Requirement: In the material below, find the line with "今日のゲストは、、、映画『ソワレ』で 監督を務めた外山文治さん！" and the line with "3w Led Recessed Cabinet Mini Spot Light 110v", then output both and every line between them exactly, omitting pictures.

Provided data:
________________
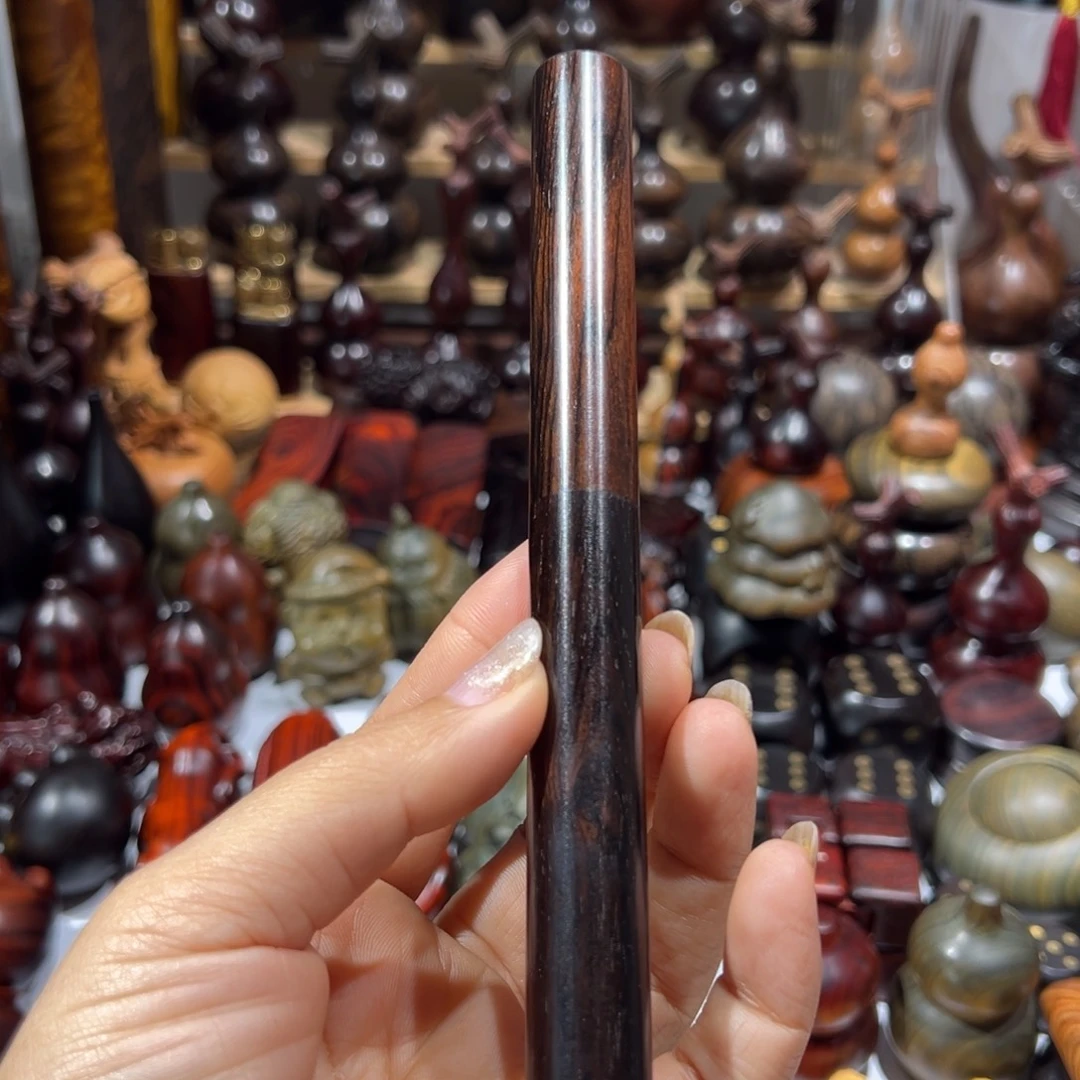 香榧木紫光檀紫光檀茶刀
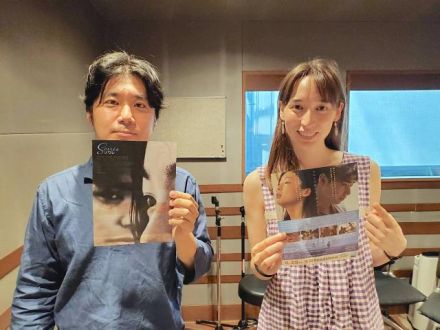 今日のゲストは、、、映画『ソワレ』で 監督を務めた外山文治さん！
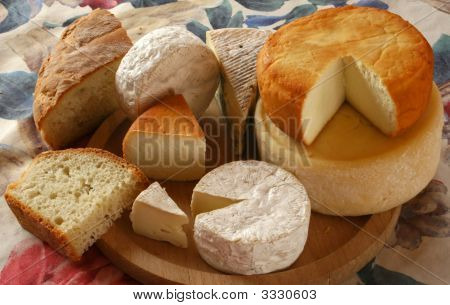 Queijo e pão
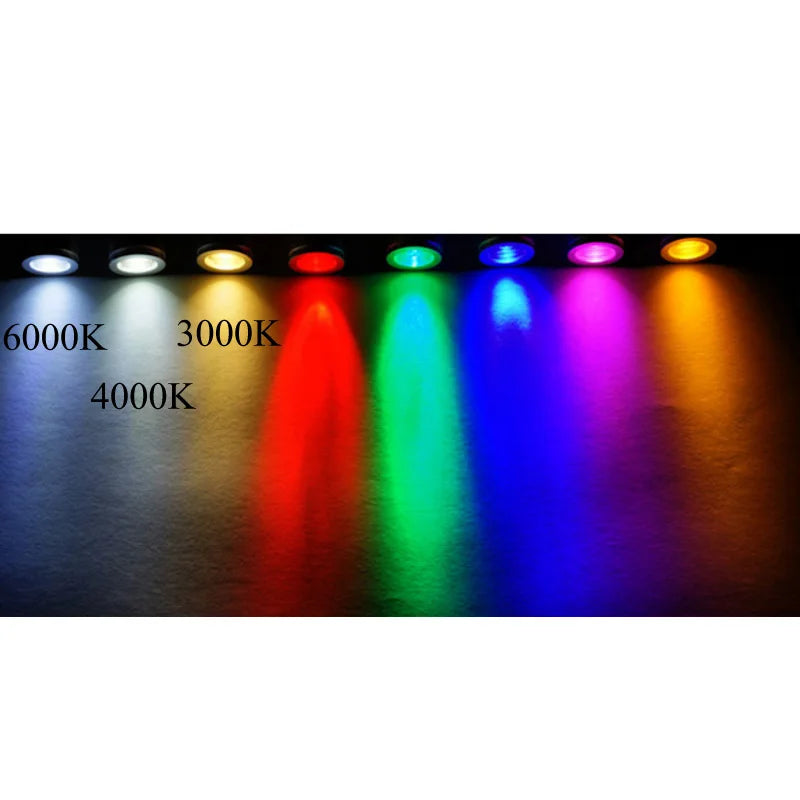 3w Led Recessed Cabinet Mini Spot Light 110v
________________
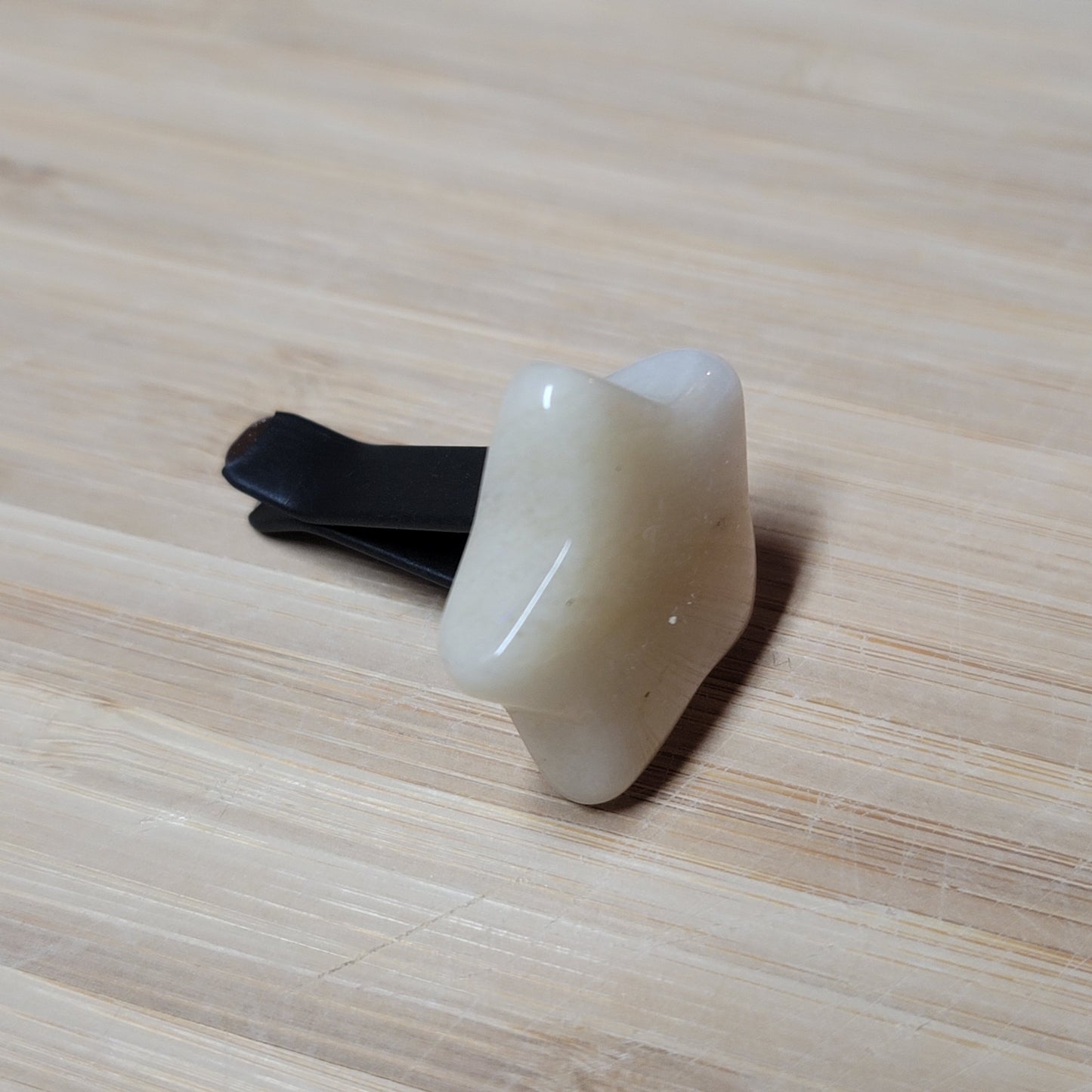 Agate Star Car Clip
________________
Answer box:
 今日のゲストは、、、映画『ソワレ』で 監督を務めた外山文治さん！
 Queijo e pão
 3w Led Recessed Cabinet Mini Spot Light 110v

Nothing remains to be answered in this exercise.